*** Opening Exercise data ***
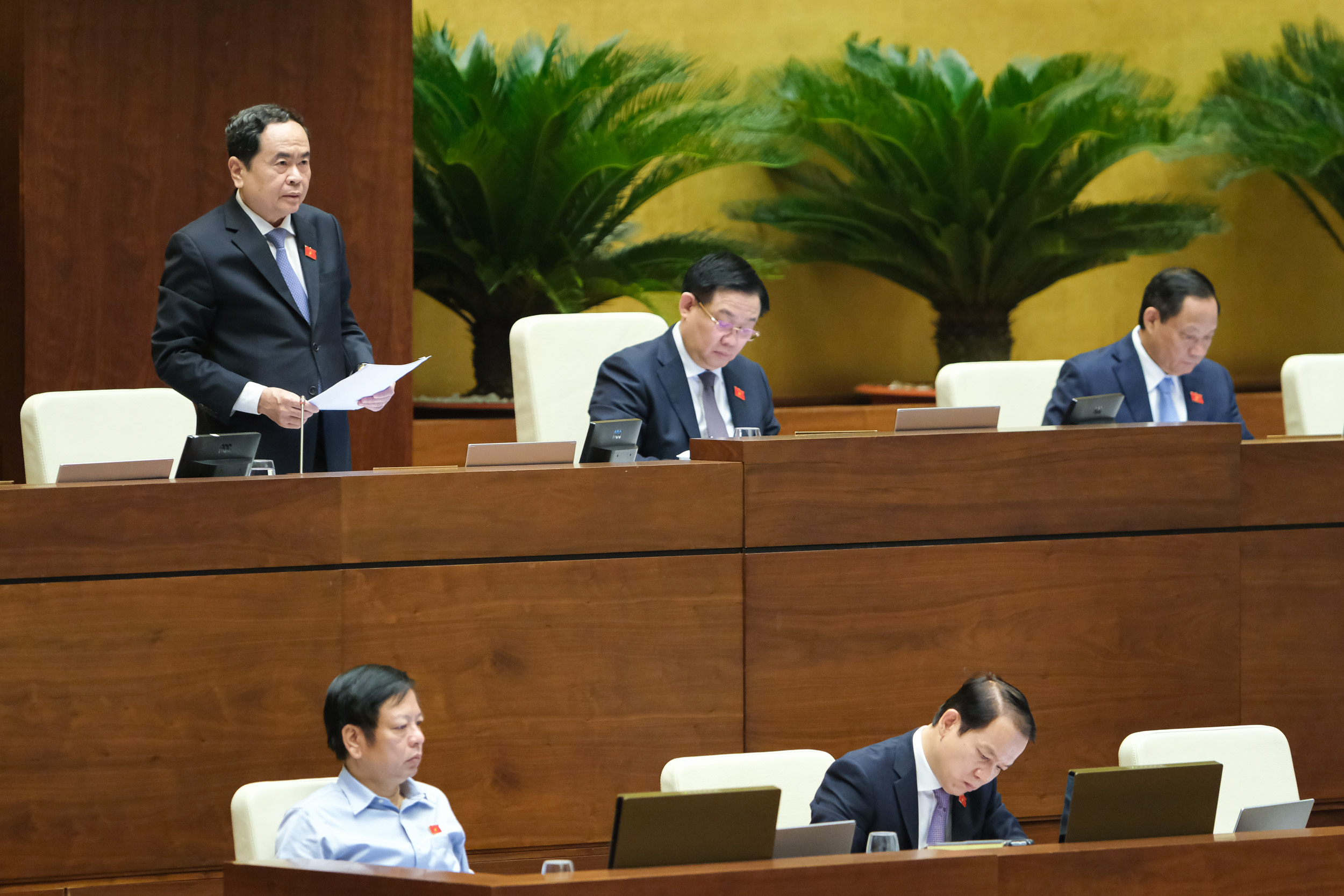 Trần Thanh Mẫn - Phó Chủ tịch Quốc hội điều hành phiên thảo luận tại hội trường Quốc hội sáng 31/5. (Ảnh: Quochoi.vn)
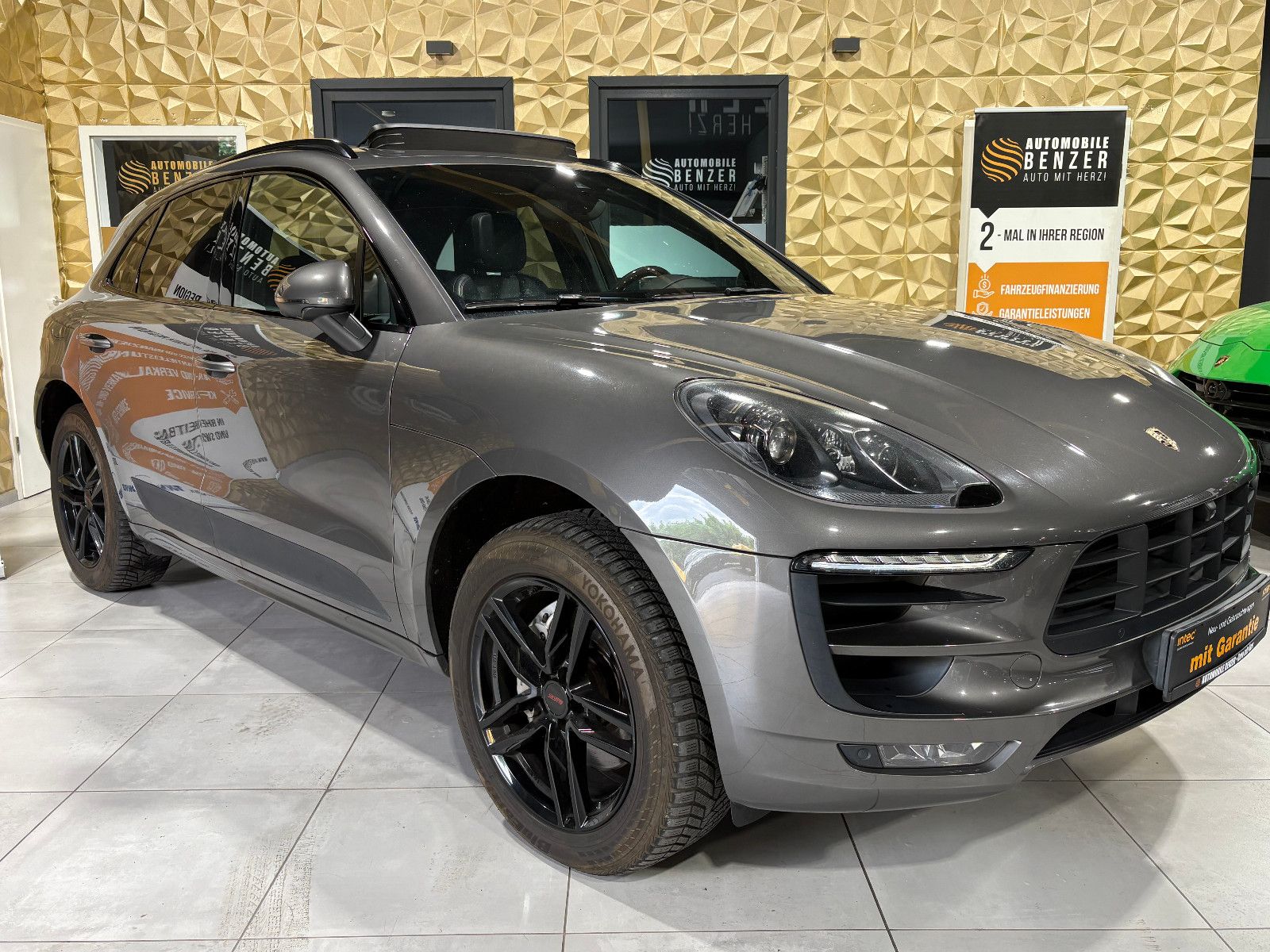 Fahrzeugabbildung Porsche Macan S Diesel/PANO/360°/MEMORY/SOUND/SHZ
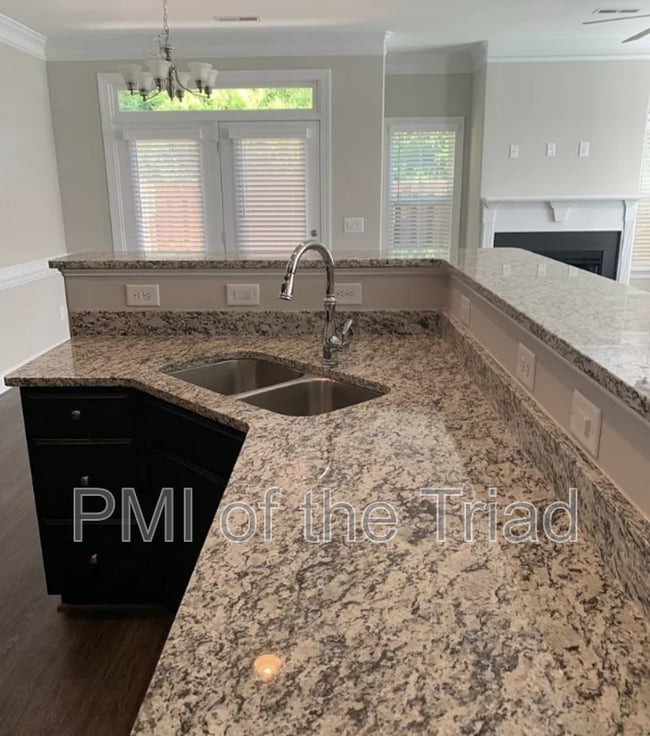 Photo - 868 Silver Leaf Dr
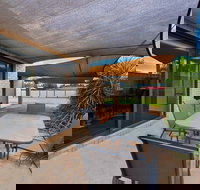 Bundalong on Clarke St - Accommodation Brisbane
*** Closing Exercise data ***
** Requirement **
A verbatim copy of the listing, with all pictures removed, is required.

** Response area **
 Trần Thanh Mẫn - Phó Chủ tịch Quốc hội điều hành phiên thảo luận tại hội trường Quốc hội sáng 31/5. (Ảnh: Quochoi.vn)
 Fahrzeugabbildung Porsche Macan S Diesel/PANO/360°/MEMORY/SOUND/SHZ
 Photo - 868 Silver Leaf Dr
 Bundalong on Clarke St - Accommodation Brisbane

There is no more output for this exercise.